GIVEN ENTRIES:

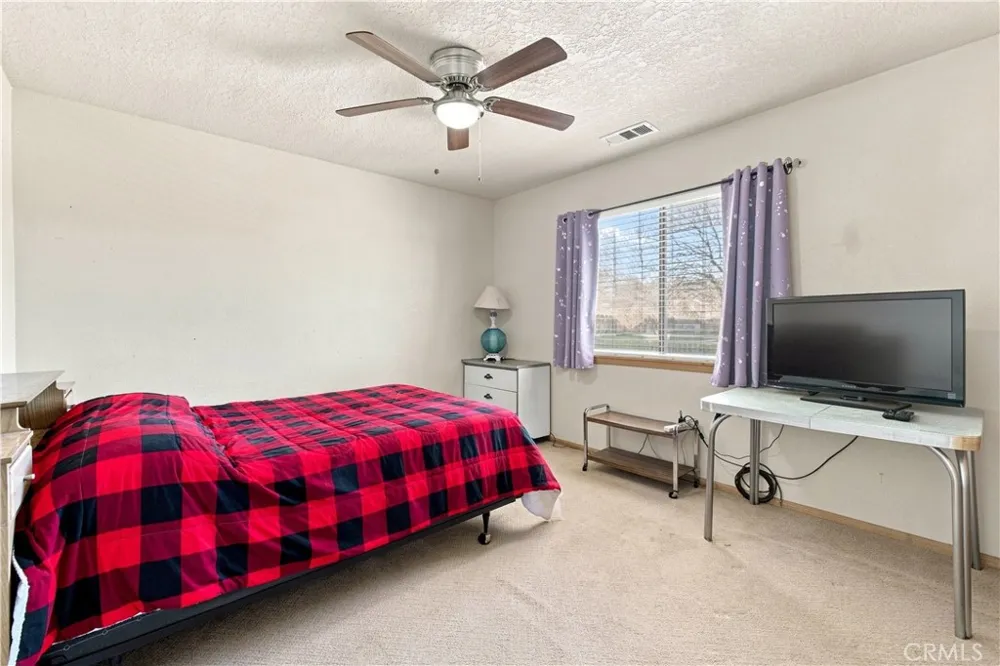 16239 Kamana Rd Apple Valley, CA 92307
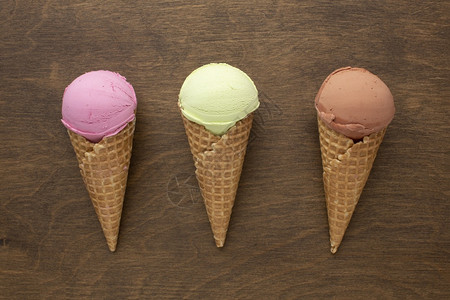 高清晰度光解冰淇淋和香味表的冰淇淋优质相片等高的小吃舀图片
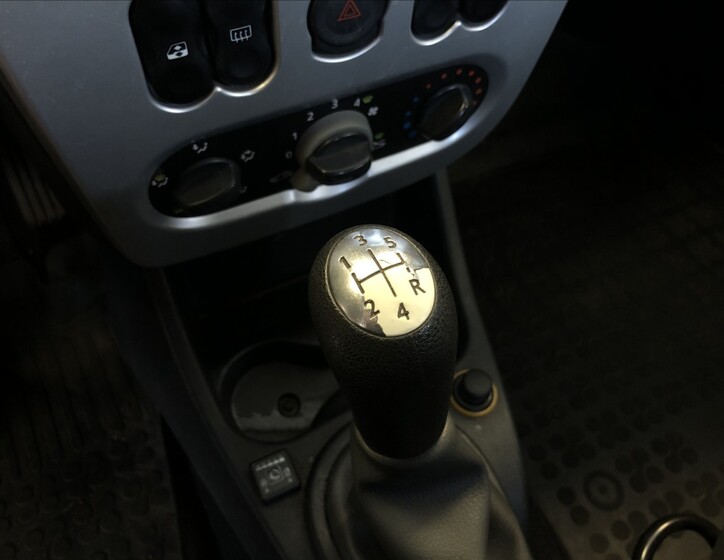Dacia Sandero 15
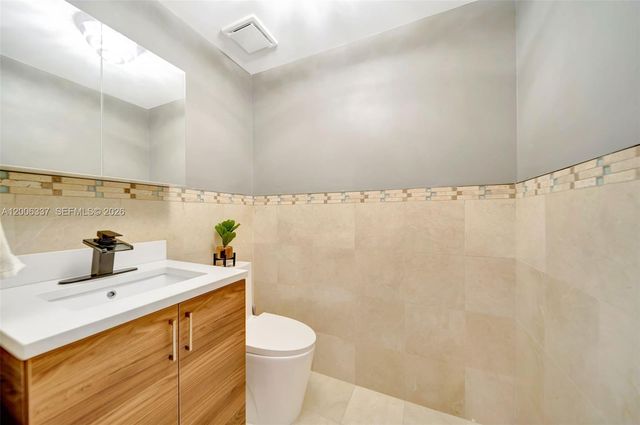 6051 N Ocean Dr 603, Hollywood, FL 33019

...

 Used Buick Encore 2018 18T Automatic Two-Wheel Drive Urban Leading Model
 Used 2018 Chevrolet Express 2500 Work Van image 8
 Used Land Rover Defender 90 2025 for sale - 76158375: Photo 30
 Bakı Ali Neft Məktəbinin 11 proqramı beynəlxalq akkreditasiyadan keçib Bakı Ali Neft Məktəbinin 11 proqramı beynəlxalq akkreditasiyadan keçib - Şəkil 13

PROBLEM TO WORK ON: Using the listing above, copy exactly the line that contains "Used Buick Encore", the line that contains "keçib - Şəkil 13", and each line that falls between them.

YOUR RESPONSE:
 Used Buick Encore 2018 18T Automatic Two-Wheel Drive Urban Leading Model
 Used 2018 Chevrolet Express 2500 Work Van image 8
 Used Land Rover Defender 90 2025 for sale - 76158375: Photo 30
 Bakı Ali Neft Məktəbinin 11 proqramı beynəlxalq akkreditasiyadan keçib Bakı Ali Neft Məktəbinin 11 proqramı beynəlxalq akkreditasiyadan keçib - Şəkil 13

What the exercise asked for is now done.